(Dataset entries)
════
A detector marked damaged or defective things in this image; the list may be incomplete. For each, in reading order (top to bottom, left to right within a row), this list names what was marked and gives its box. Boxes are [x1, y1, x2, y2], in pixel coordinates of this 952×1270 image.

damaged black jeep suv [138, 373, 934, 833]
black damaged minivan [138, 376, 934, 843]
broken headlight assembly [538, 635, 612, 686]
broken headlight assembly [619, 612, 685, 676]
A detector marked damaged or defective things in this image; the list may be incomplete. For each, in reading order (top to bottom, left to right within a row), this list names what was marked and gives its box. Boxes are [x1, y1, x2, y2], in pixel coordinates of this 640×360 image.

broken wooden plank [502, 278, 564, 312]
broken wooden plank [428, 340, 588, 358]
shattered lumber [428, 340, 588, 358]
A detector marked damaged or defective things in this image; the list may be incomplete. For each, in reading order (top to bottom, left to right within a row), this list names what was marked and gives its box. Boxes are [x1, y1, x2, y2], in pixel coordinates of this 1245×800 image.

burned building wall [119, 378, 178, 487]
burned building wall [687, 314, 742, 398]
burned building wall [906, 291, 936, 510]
════
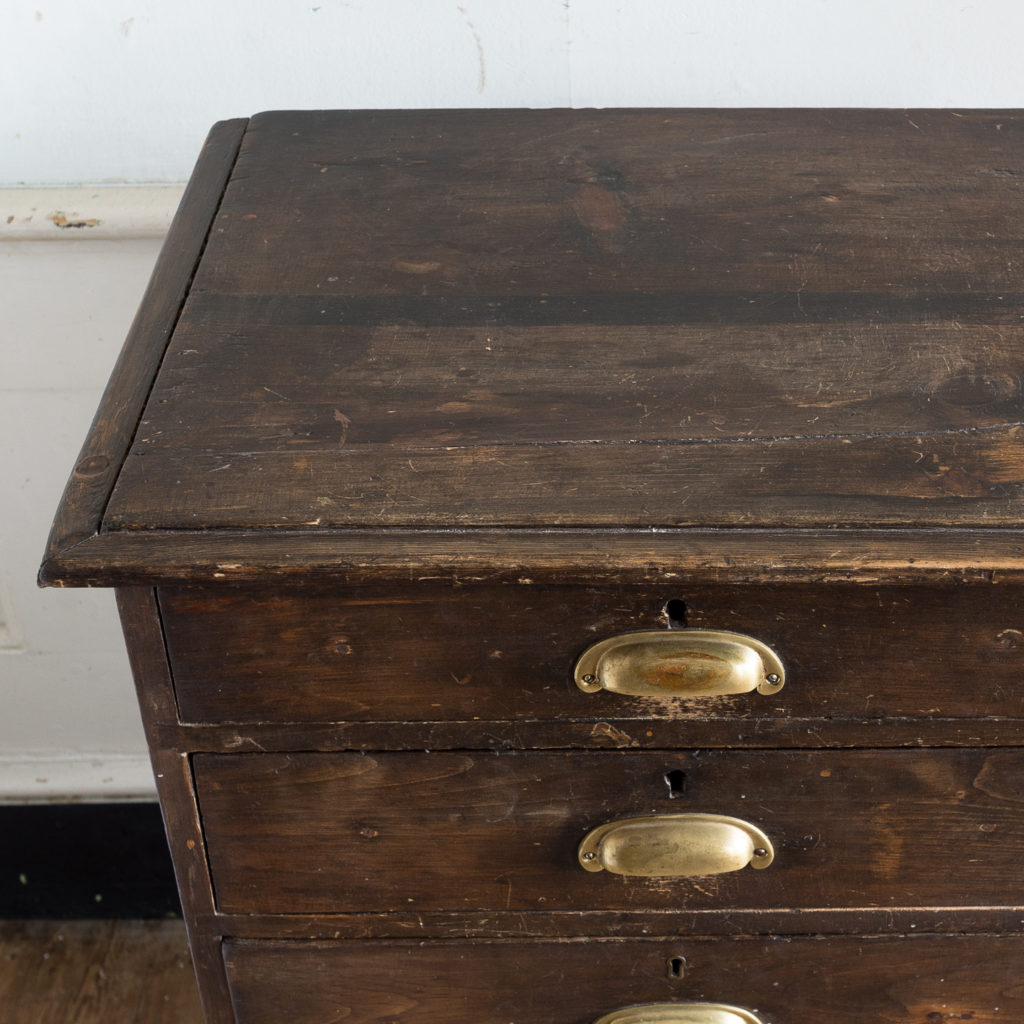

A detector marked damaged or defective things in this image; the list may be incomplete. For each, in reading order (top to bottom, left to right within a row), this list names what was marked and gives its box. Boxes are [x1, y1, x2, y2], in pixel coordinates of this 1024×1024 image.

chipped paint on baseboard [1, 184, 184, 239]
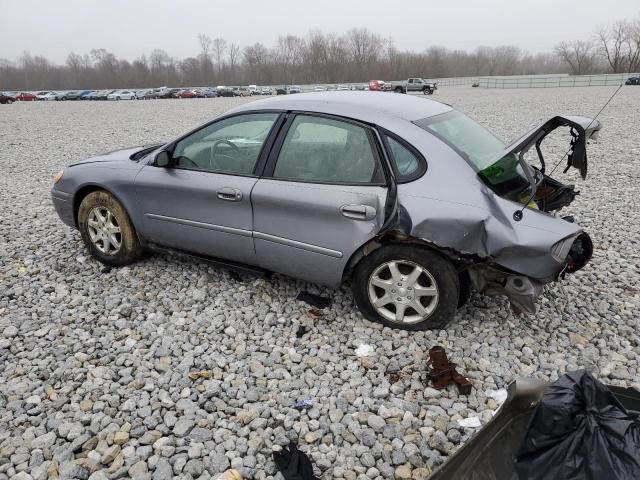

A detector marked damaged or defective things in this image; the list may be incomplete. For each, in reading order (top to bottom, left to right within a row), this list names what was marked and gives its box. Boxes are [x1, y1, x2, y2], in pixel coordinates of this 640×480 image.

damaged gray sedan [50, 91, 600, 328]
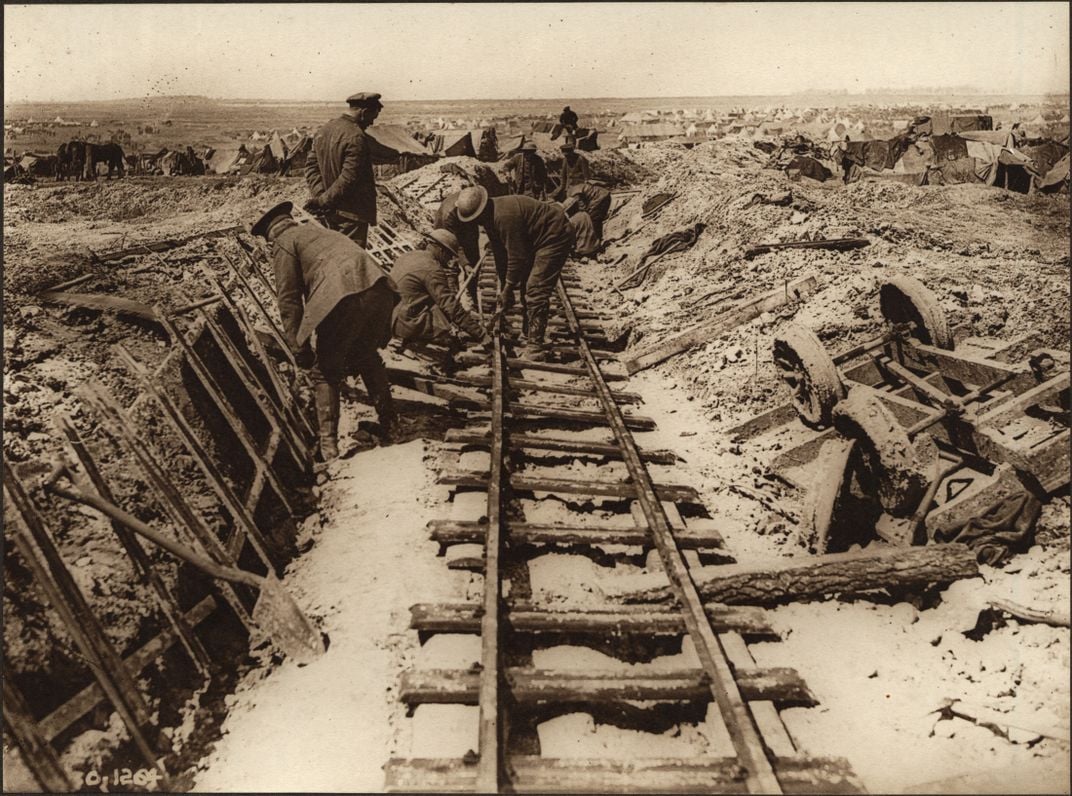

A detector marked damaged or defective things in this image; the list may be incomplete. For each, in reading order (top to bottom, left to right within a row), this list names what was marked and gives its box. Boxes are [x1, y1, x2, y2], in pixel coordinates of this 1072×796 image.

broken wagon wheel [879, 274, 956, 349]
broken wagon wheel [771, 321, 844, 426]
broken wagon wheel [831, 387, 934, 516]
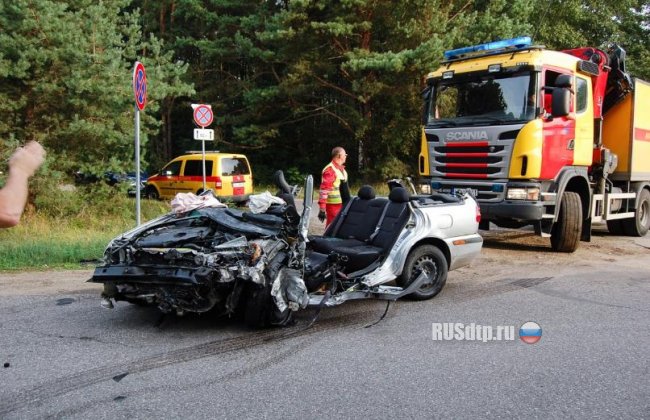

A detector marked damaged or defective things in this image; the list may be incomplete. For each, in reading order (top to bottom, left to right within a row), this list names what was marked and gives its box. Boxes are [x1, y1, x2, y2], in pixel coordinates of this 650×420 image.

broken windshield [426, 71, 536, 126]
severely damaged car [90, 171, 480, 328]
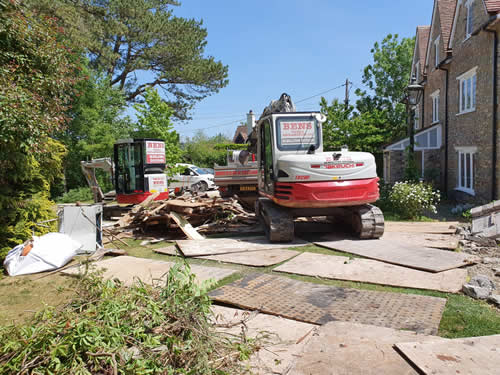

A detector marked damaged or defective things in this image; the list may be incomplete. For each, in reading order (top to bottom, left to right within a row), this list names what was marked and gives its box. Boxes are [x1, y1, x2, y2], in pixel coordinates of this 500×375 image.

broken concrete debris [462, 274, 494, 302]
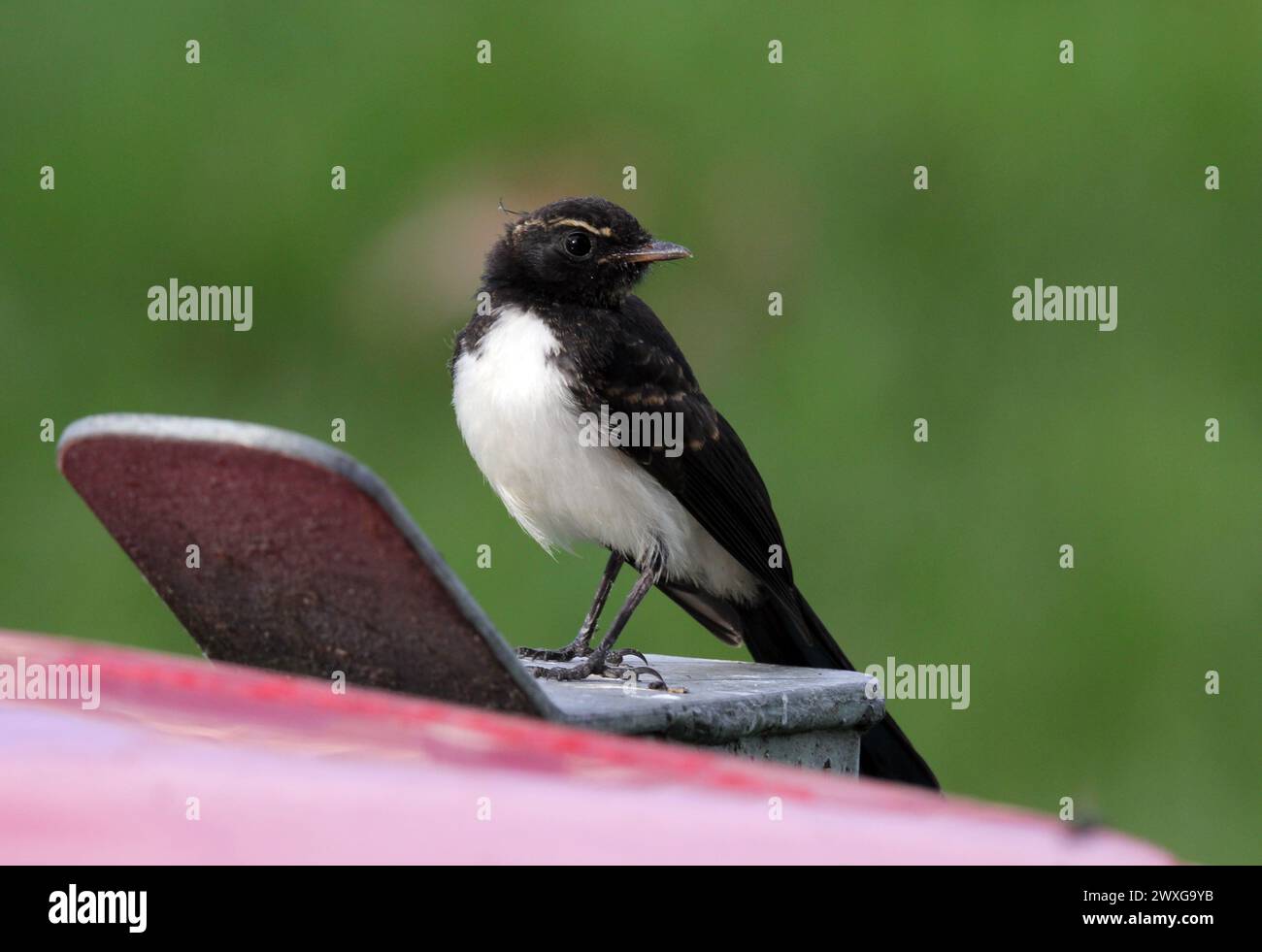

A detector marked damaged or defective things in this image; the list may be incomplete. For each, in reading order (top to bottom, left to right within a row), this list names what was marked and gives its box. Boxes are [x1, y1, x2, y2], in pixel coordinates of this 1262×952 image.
════
What the exercise asks:
Copy word for word the span of the records above that begins at the line with "this 650×420 image." and ends at the line with "this 1262×952 image.", including those two lines but not the pictures.

Output for this exercise:
A detector marked damaged or defective things in this image; the list may be incomplete. For each, in reading order (top to bottom, left to right within a row), this list names what was marked and gives its box. Boxes are [x1, y1, x2, y2], in pixel coordinates of this 650×420 image.

broken windshield [426, 71, 536, 126]
severely damaged car [90, 171, 480, 328]

A detector marked damaged or defective things in this image; the list may be incomplete. For each, in reading order (top to bottom, left to right within a row), this list names what was marked and gives its box. Boxes are [x1, y1, x2, y2], in pixel coordinates of this 500×375 image.

broken concrete debris [462, 274, 494, 302]

A detector marked damaged or defective things in this image; the list may be incomplete. For each, in reading order (top to bottom, left to right within a row), this list names what was marked and gives its box. Boxes are [x1, y1, x2, y2], in pixel coordinates of this 1262×952 image.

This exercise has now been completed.